■ DATA EXTRACT:
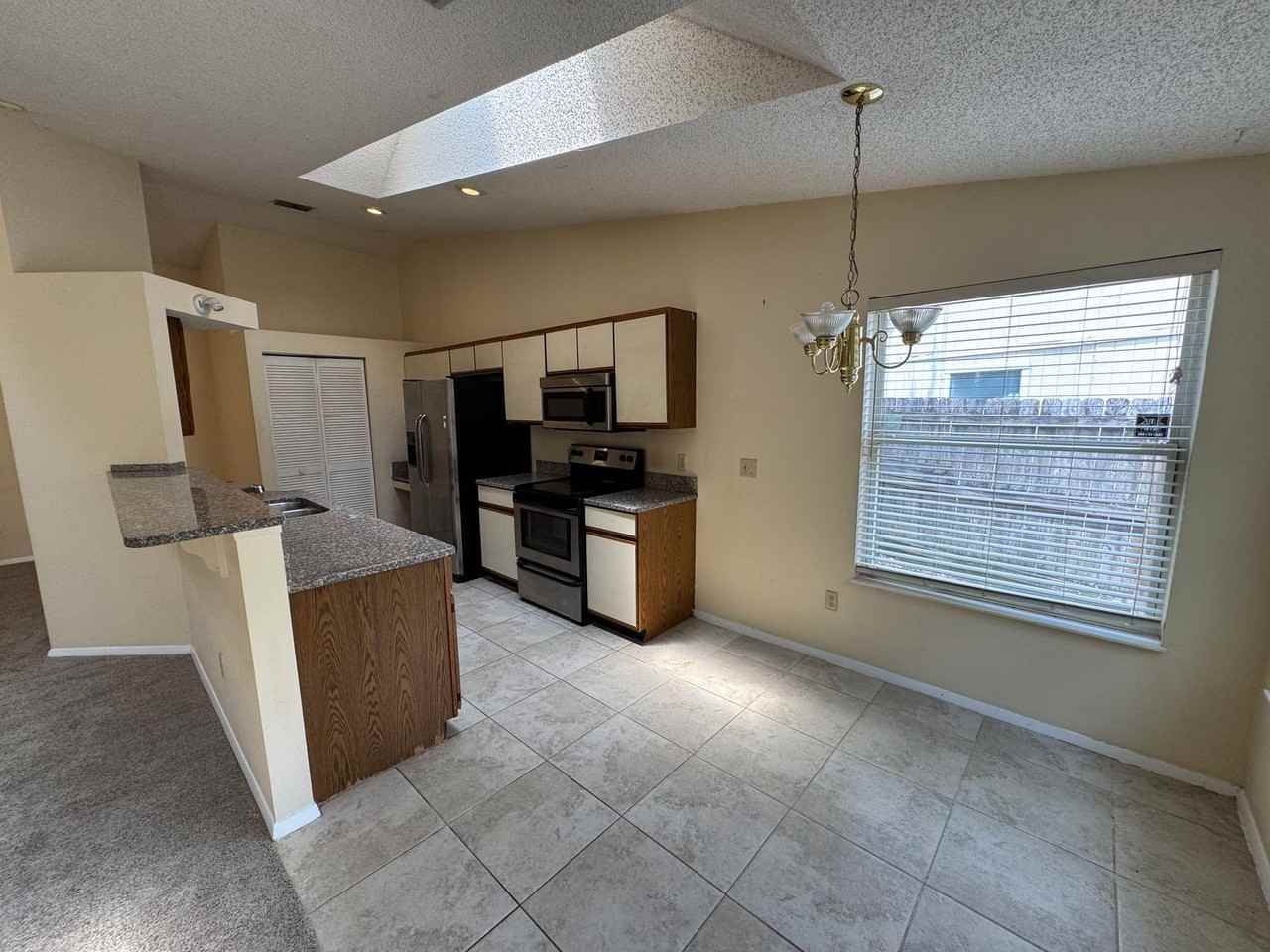 8055 Creedmoor Dr - Photo 5 of 12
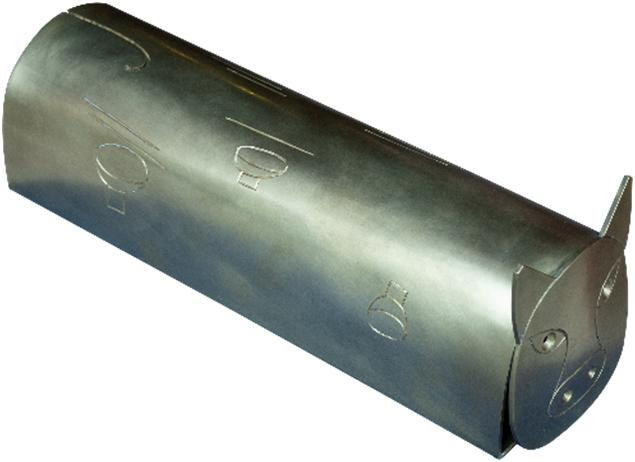 Tác phẩm "Bát ăn bát để", điêu khắc trên đồng (Lê Thiết Cương)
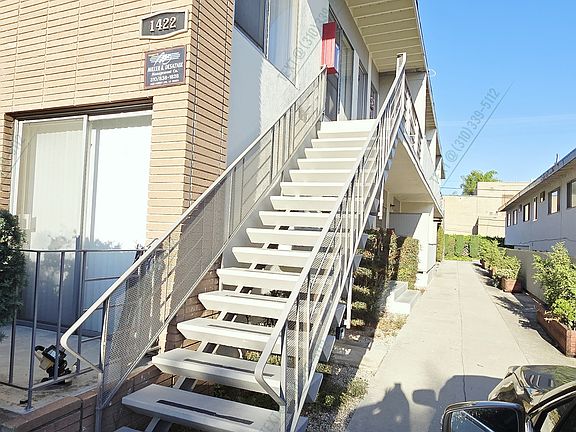4th image of 1420 Barry Ave #2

■ WORK ORDER:
Copy nothing but the lines from the line that contains "(Lê Thiết Cương)" through the end of the listing, exactly, and keep pictures out of it.

■ EXERCISE SOLUTION:
 Tác phẩm "Bát ăn bát để", điêu khắc trên đồng (Lê Thiết Cương)
4th image of 1420 Barry Ave #2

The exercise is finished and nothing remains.